By Mike Vorel, The Seattle Times
SEATTLE — Mike Macdonald set the path to this point.
On Wednesday, the Seahawks posted a video of Macdonald’s first team meeting on social media. It was April 8, 2024, and the fresh-faced 36-year-old coach faced the cast he inherited from Pete Carroll. He faced a team with a frustratingly fixed ceiling, and a single playoff win in the previous seven years. He faced the weight of enormous opportunity, the kind that propels some and exposes others. He faced Leonard Williams, Jaxon Smith-Njigba, Devon Witherspoon and more.

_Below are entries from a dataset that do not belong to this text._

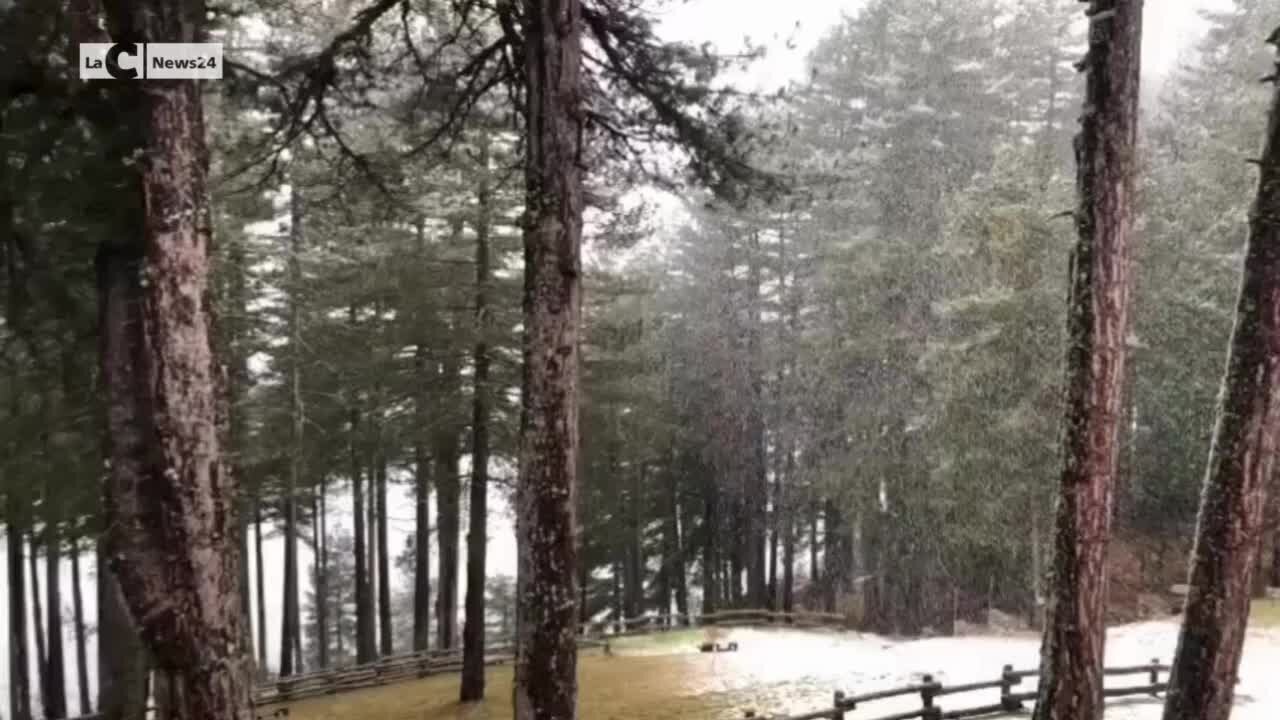 Neve sui pianori di Carlomagno e Lorica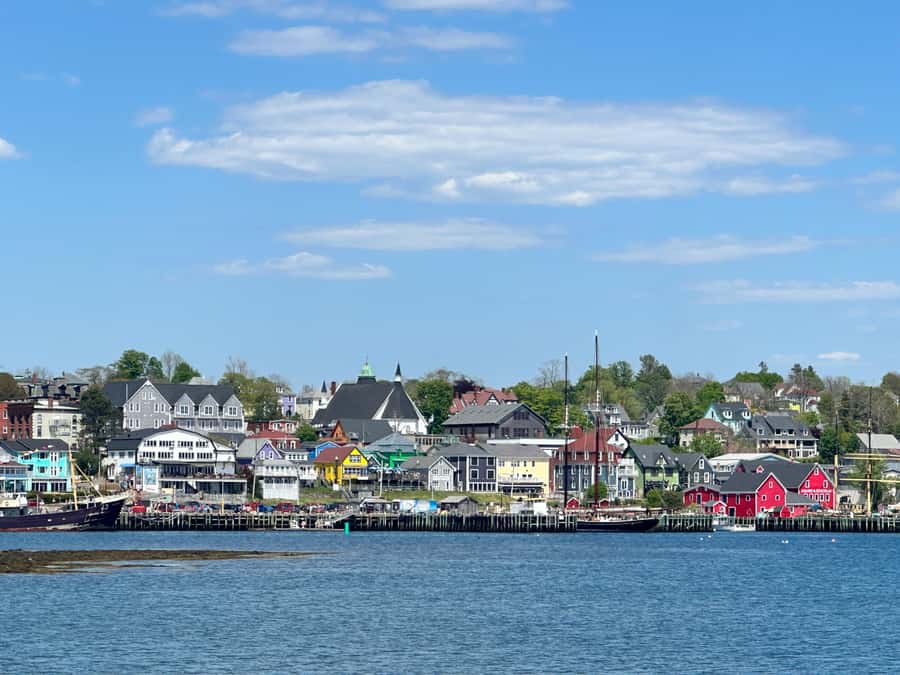 Halifax: Lunenburg and Mahone Bay Private Tour - Mahone Bay and the Three Churches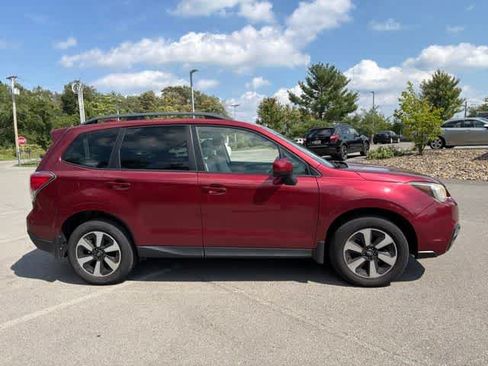 Used 2018 Subaru Forester 2.5i Premium w/ All-Weather Package AWD/4WD image 7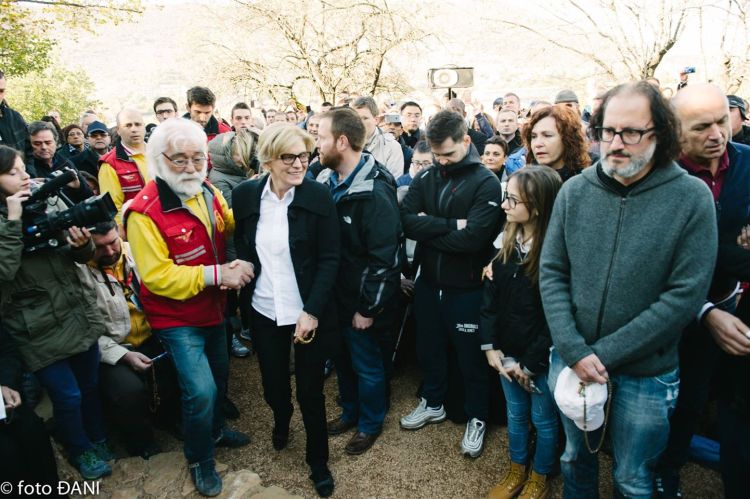 Aparición de la Virgen a Mirjana en Medjugorje el 2 de noviembre de 2015 - 8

He faced the future, a path he had yet to pave.
“One of the things I want you guys to feel going through this program is that we have a vision for you and this football team,” Macdonald said, with a sheet in one hand and a clicker in the other. “I want us to take a minute here and fast-forward to January at the NFC championship. It’s 30-something degrees. It’s wet. It’s windy. It’s [expletive] for them, but it’s just right for us. We’re loose. We’re focused. We’re confident. We just spent the last nine months stacking every opportunity.

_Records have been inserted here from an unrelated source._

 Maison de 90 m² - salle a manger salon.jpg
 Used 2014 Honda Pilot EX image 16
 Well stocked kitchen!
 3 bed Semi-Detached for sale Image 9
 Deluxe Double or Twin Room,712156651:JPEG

“The team across from us in the other locker room, they’ve seen the tape. They know what they’re in for — 11 guys playing as one, every snap. They know that we’re like that. They know they’re facing a bunch of men that won’t give up. They know they’re facing a team that won’t die, that won’t quit. They know. It’s inevitable. So let’s go to work.”

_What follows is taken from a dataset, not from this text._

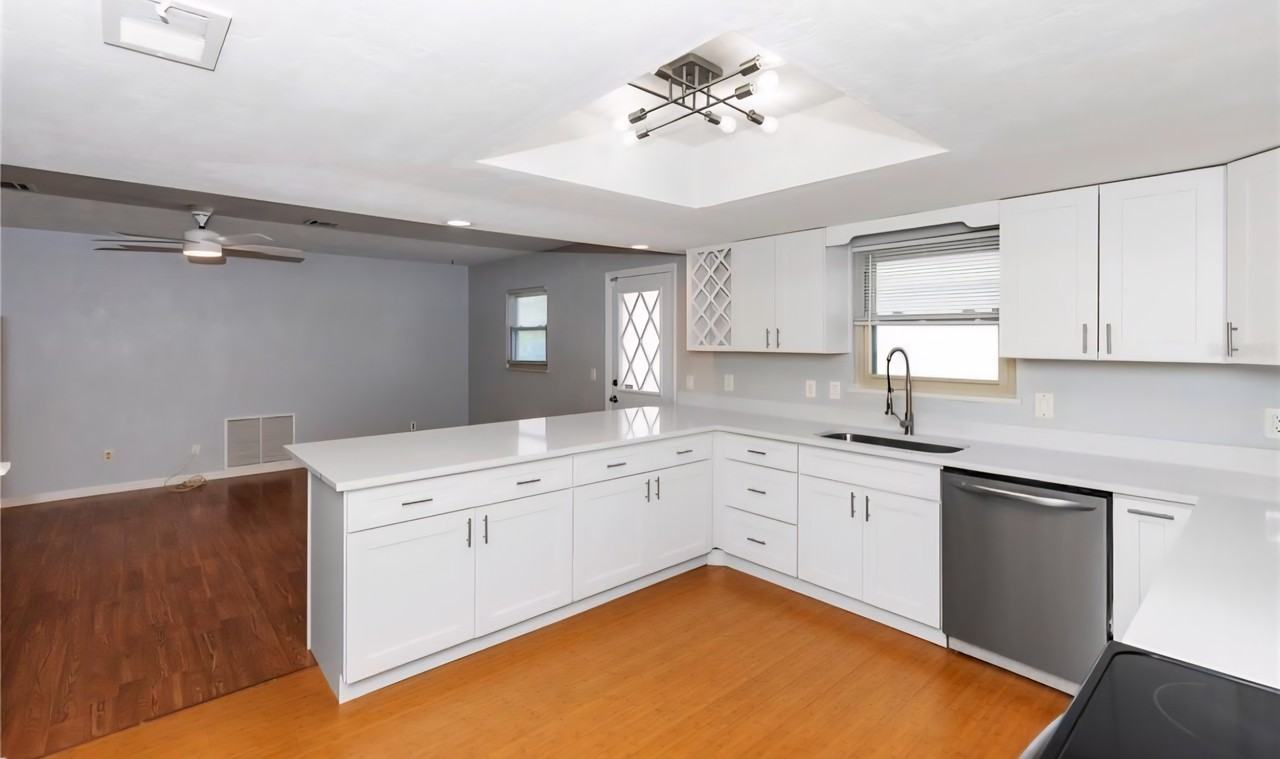4431 Doris Dr #NA - Photo 4 of 20
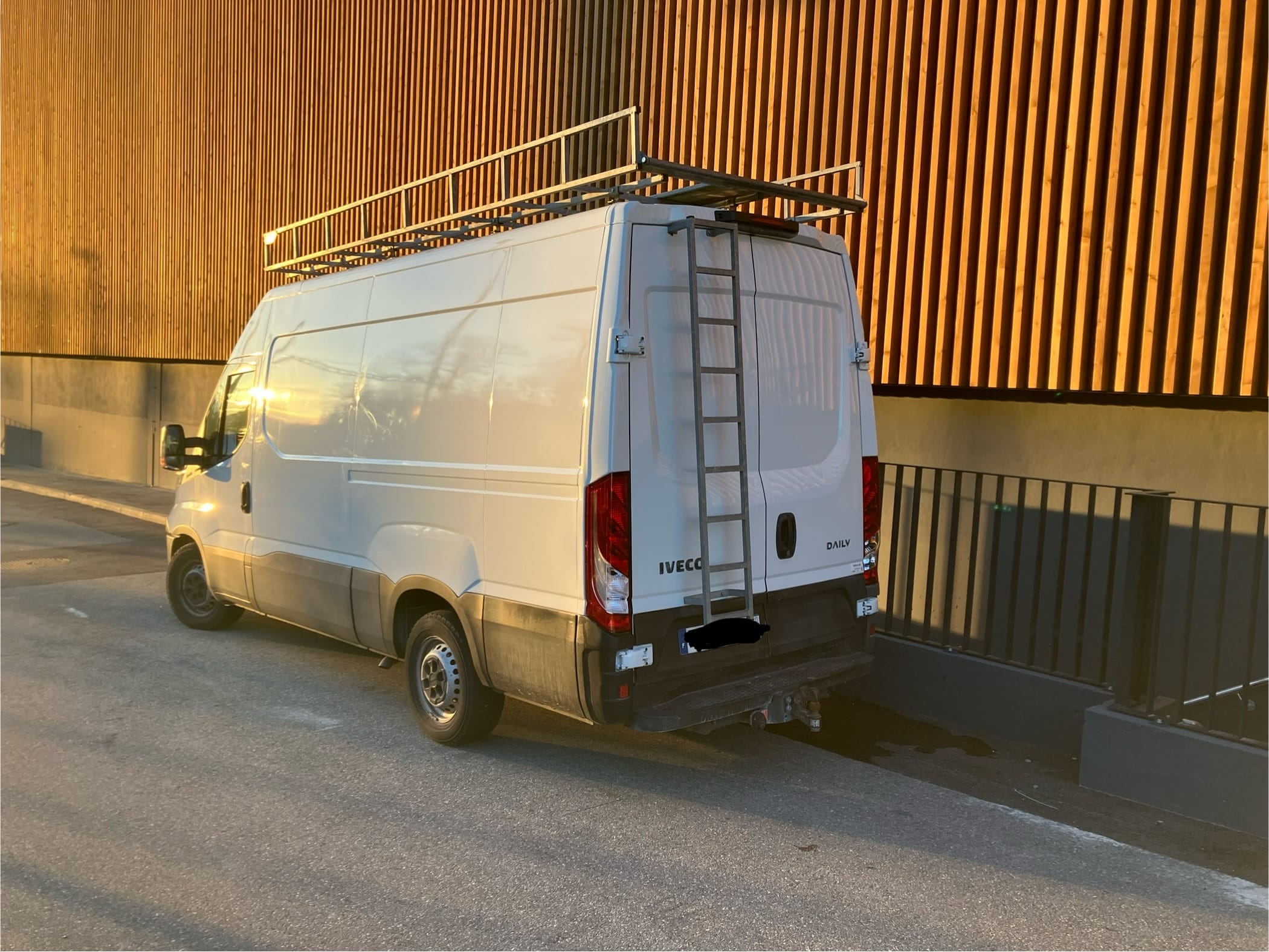 Iveco Daily Fourgon avec Climatisation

Macdonald’s vision was inevitable. We know that now.
But the path had potholes. Twenty-one months, one starting quarterback, one offensive coordinator, one erratic wide receiver and several starting linebackers later, the Seahawks are here. On Sunday they’ll host the Los Angeles Rams in the NFC championship game — after securing a division title, home-field advantage and the No. 1 playoff seed. After dispatching the San Francisco 49ers decisively, in back to back games. After showing the world that they’re like that.
This is not an accident or a coincidence. It’s a masterpiece made of a million brush strokes. It’s a path paved with bricks, with sweat and blood and grit, by grinders bought into a larger goal. Forging the future. Making it real.
As Seahawks linebacker Ernest Jones IV said after Saturday’s 41-6 divisional round win over San Francisco: “Mike’s the biggest thing — just being able to start Day 1 [and say], ‘Hey, this is what type of team we’re going to be. But we can’t be that team unless we work for it.’ He’s constantly had us working at it.”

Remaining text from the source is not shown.